I met sweet Fatima a few months ago. In need of a few random items, I headed out into my neighborhood on a quest to find them. At one point, I walked into a small stall, no bigger than my walk-in-closet back in the States. The walls of this “store” were lined with shelves, containing a meager offering of odds and ends. A few lightbulbs, several canned goods, books of matches, powdered milk and hot cola. With matches being on my list, I wanted to buy some. The problem was that the store was empty. Or so it seemed to be. Knowing a customer was present, little Fatima stepped up on something and a little brown faced appeared just above the counter. She looked absolutely precious. Her eyes flew open when she observed me – a white “forenjee” – in her store! I began speaking her language, much to her astonishment. After greetings, I asked where her mother or father was, as I had hoped to buy something. She looked behind her and pointed. Stepping close enough to the counter to lean over a bit, I was shocked to see little Fatima’s mother, laid out on the floor, high after ingesting a drug that has enslaved so many people in my East African community. Sickness washed over me, while my heart broke.
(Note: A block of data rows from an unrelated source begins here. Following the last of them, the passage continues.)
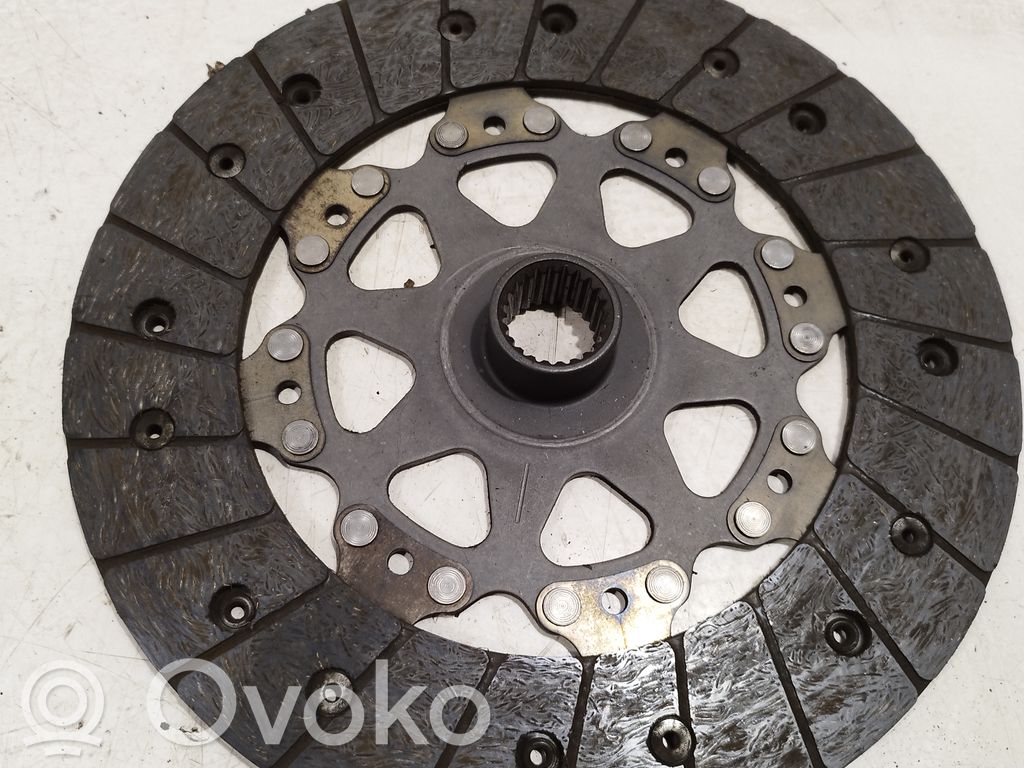 Ford Mondeo MK IV Juego de embrague 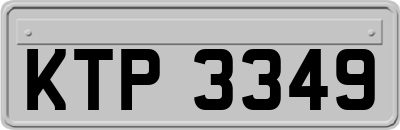 KTP3349
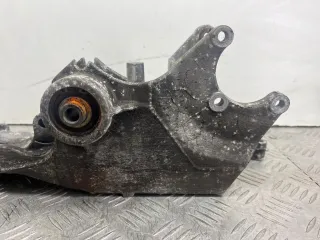 06B903143L Кронштейн генератора Audi A6 C5 (S6,RS6) 1.8л Арт 44720, вид 3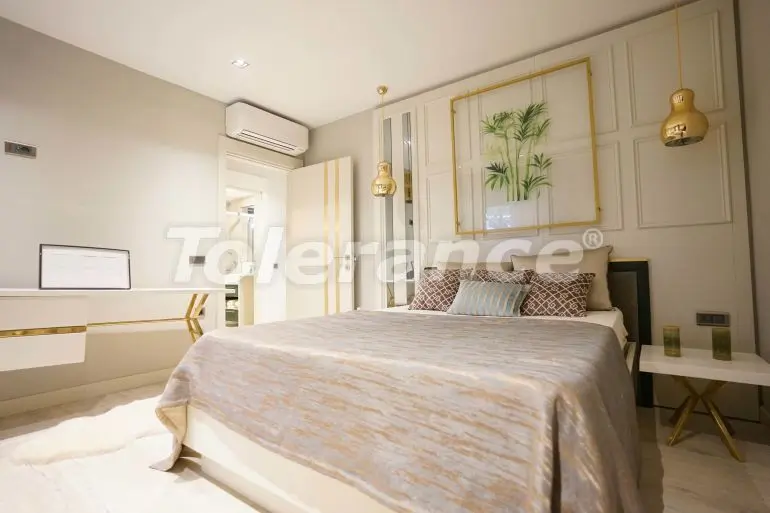 Apartment vom entwickler in Konyaaltı, Antalya pool - immobilien in der Türkei kaufen - 31885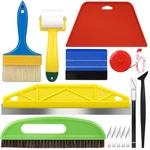 Wrapxpert Wallpaper Smoothing Tools, For Peel And Red Pro Set. Fixed Price $38.99.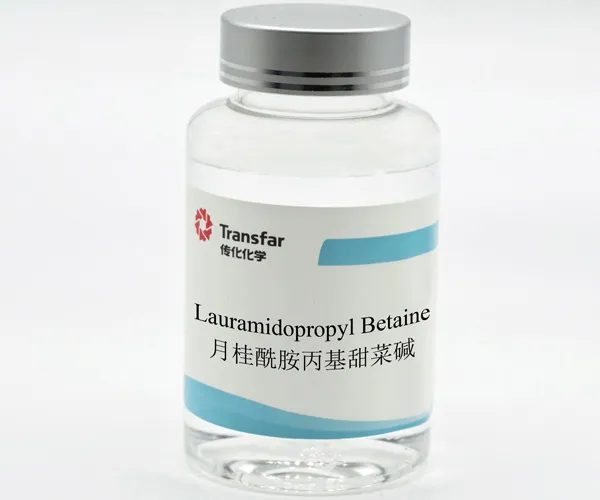 Lauramidopropyl Betaine LAB-35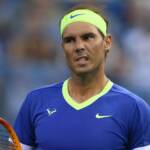 Nadal stagione finita: dolore a un piede, salta Us Open e Finals Torino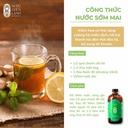 Sản phẩm IKI Healing 480ml
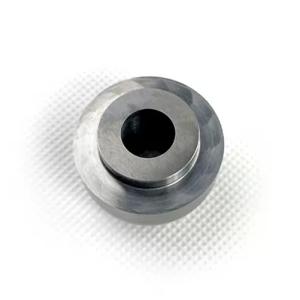 High Accuracy Carbide Wear Parts Customized Size For Oil And Gas Industry
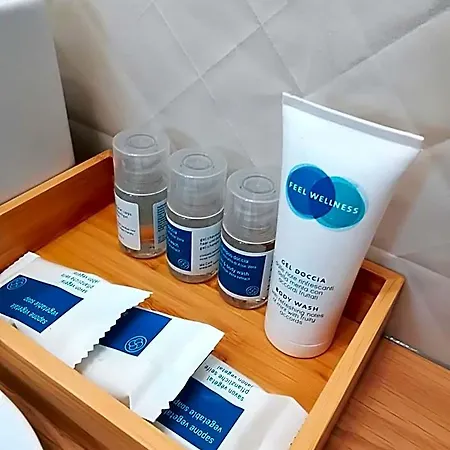 Sece - Luxury 3*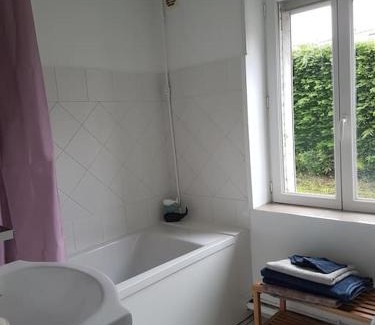 Annappes House | Gîte l'hirondelle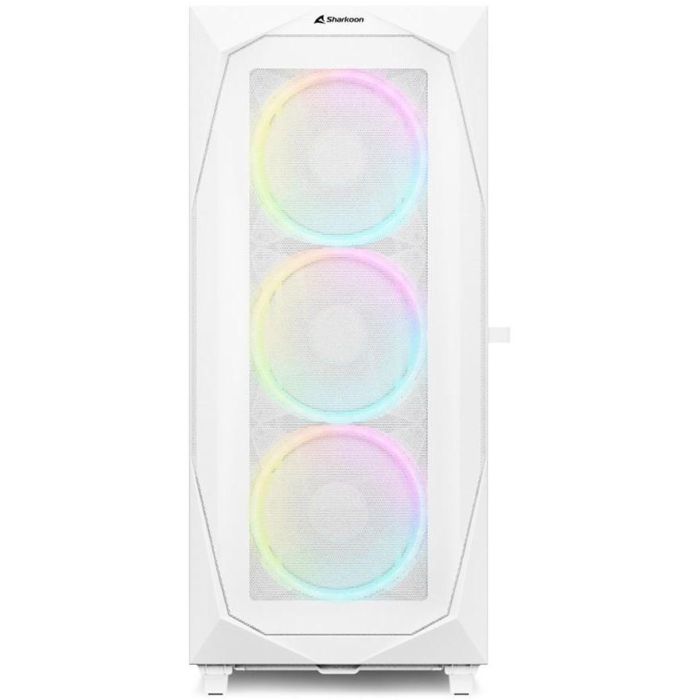 Midi Sharkoon REV300 White 1 Midi Sharkoon REV300 White 1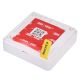6. NUKI Opener door opening mechanism, white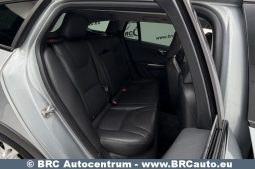 Volvo V60 Cross Country D3 Automatas 2016 full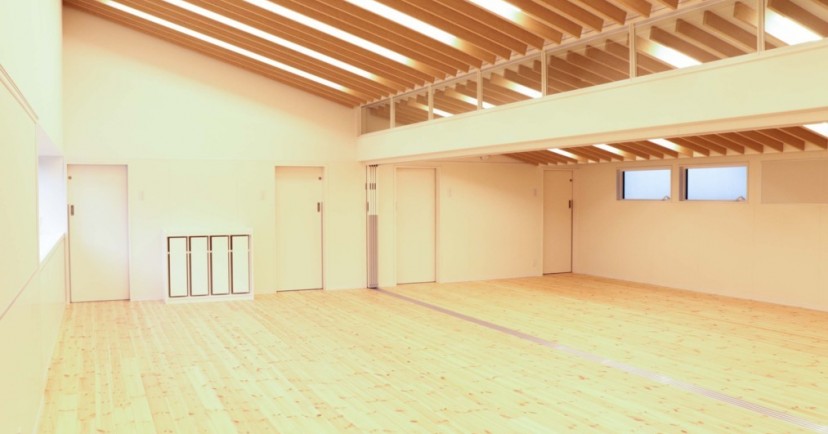 ナーサリールームベリーベアー矢口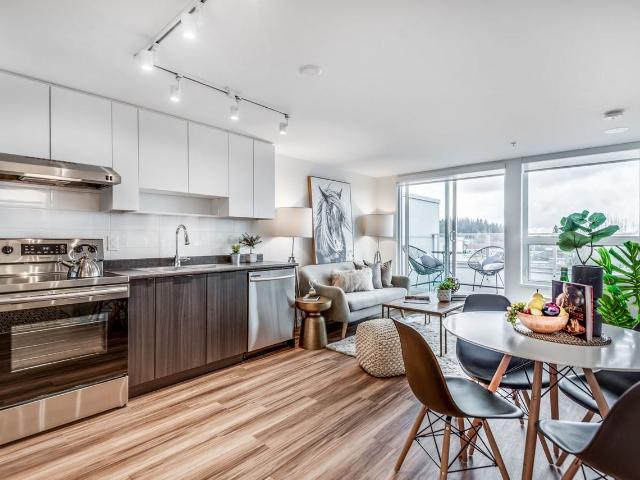 Apartment for rent in Vancouver, British Columbia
Sadly, Fatima’s story is not unique. Every single day, I pass so many children sitting on mats along the sidewalk. They play with rocks and sticks as their mothers or fathers or grandparents spend up to three hours in a drug induced stupor. I know that Jesus is the answer, but sometimes I feel so overwhelmed that there is nothing I can do to quickly and easily fix the challenges the children in my city face each day. I don’t always know what to do, but I find it an honor and a privilege to walk by these children, flash them my brightest smile and exchange greetings with them. I hope and believe that the fragrance of Christ emanates from me and that, for a small moment in time, they feel the love, peace, and joy of the Savior who loves them so much that He brought me to their city to share His plan of salvation.